# Eoi



## sandy16 (Aug 14, 2010)

We have submitted our EOI today, so fingers crossed we hear some good news


----------



## topcat83 (Apr 16, 2009)

sandy16 said:


> We have submitted our EOI today, so fingers crossed we hear some good news


Good luck!


----------



## sandy16 (Aug 14, 2010)

Thankyou, we have waited so long for this so were hoping it goes as planned.


----------



## Stephyj (May 14, 2011)

Good luck hope it goes well!


----------



## sandy16 (Aug 14, 2010)

We have been selected


----------



## Stephyj (May 14, 2011)

That was really fast, do you mind me asking how many points/skills you have? It's great news!


----------



## philconnell (Feb 6, 2011)

*acceptance*

hi again whats your secret could you put brief description of your points breakdown?thankyou


----------



## sandy16 (Aug 14, 2010)

Hi Stephyj and Philconnell

My husband I think had 110 points with his job offer the points went to 180?, he is a Carpenter and has got a job in Christchurch.

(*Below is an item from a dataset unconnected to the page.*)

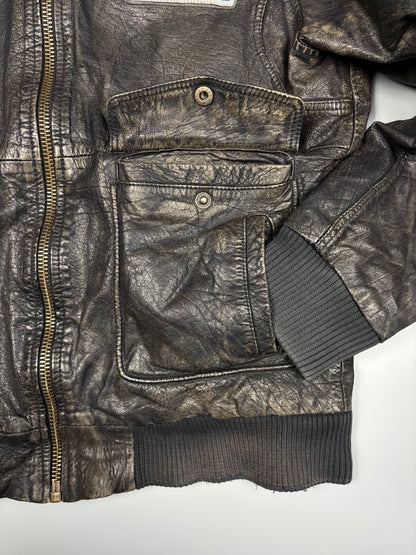 Vintage 1990s Trapper Patch Dark Wash Leather Jacket (L)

We are using a company to do all the visa and applications etc, so weather this makes a difference I dont know.


----------



## philconnell (Feb 6, 2011)

*congrats*

thanks for reply we only put ours in on monday was not expecting to hear anything for a couple of weeks,we had 135 points no job offers,keeping stuff crossed xxx


----------



## topcat83 (Apr 16, 2009)

sandy16 said:


> Hi Stephyj and Philconnell
> 
> My husband I think had 110 points with his job offer the points went to 180?, he is a Carpenter and has got a job in Christchurch.
> 
> We are using a company to do all the visa and applications etc, so weather this makes a difference I dont know.


Well done!

Using an agent shouldn't make any difference to whether they select you or not - the same rules apply regardless.


----------



## sealtiel092003 (May 31, 2011)

is the pool selection already done today?


----------



## sealtiel092003 (May 31, 2011)

if our eoi was not selected today, would we still be included in the next pool?


----------



## GNU.A (May 24, 2011)

sealtiel092003 said:


> if our eoi was not selected today, would we still be included in the next pool?


The last EOI selection was done yesterday (1 June 2011). In case your EOI was not selected, it will remain in the pool for six months from the date of submission. All the best!


----------



## topcat83 (Apr 16, 2009)

sealtiel092003 said:


> if our eoi was not selected today, would we still be included in the next pool?


Yes - it's held there for 6 months. See Expression of Interest


----------